INFORMATION SHOWN:
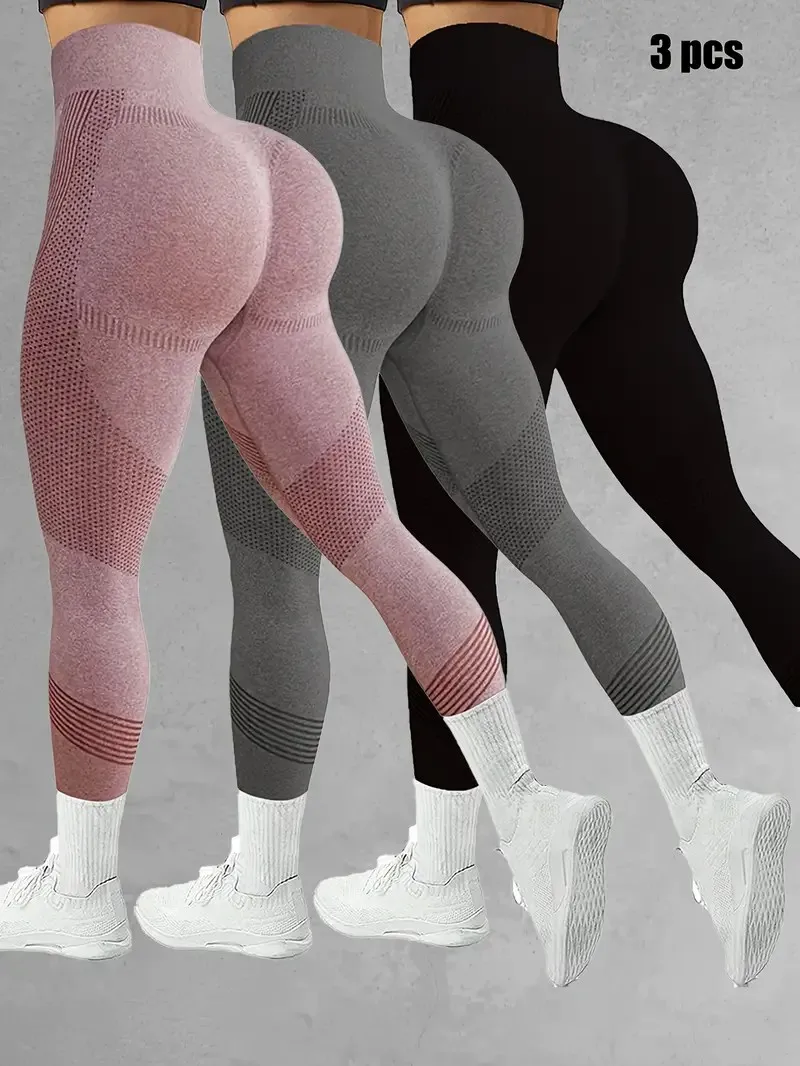 3-Pack Women\'s High-Waist Yoga Pants Stretch Striped Knit Fabric Skinny Fit Elastic Waistband Breathable Sports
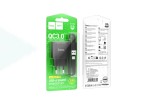 Сетевое зарядное устройство USB + кабель Type-C HOCO C140A Smart QC3.0 (черный)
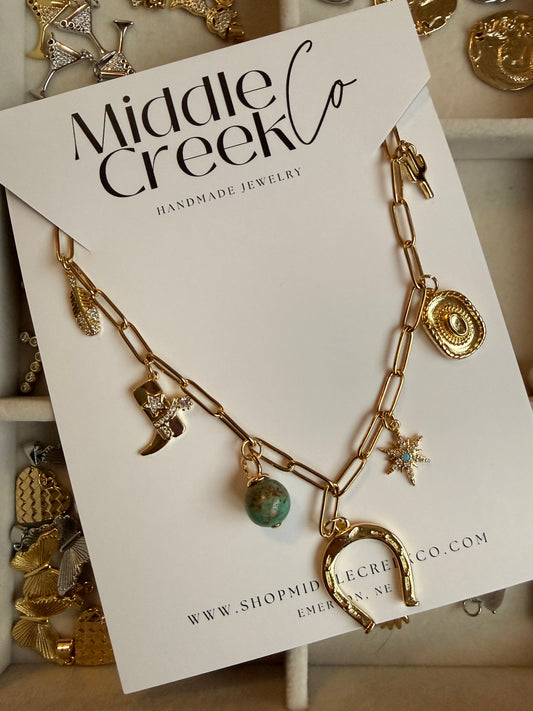 Gold Western Charm Necklace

WHAT YOU SHOULD DO:
Repeat the listing in full and to the letter, excluding every image.

SOLUTION FOR THIS TASK:
 3-Pack Women\'s High-Waist Yoga Pants Stretch Striped Knit Fabric Skinny Fit Elastic Waistband Breathable Sports
 Сетевое зарядное устройство USB + кабель Type-C HOCO C140A Smart QC3.0 (черный)
 Gold Western Charm Necklace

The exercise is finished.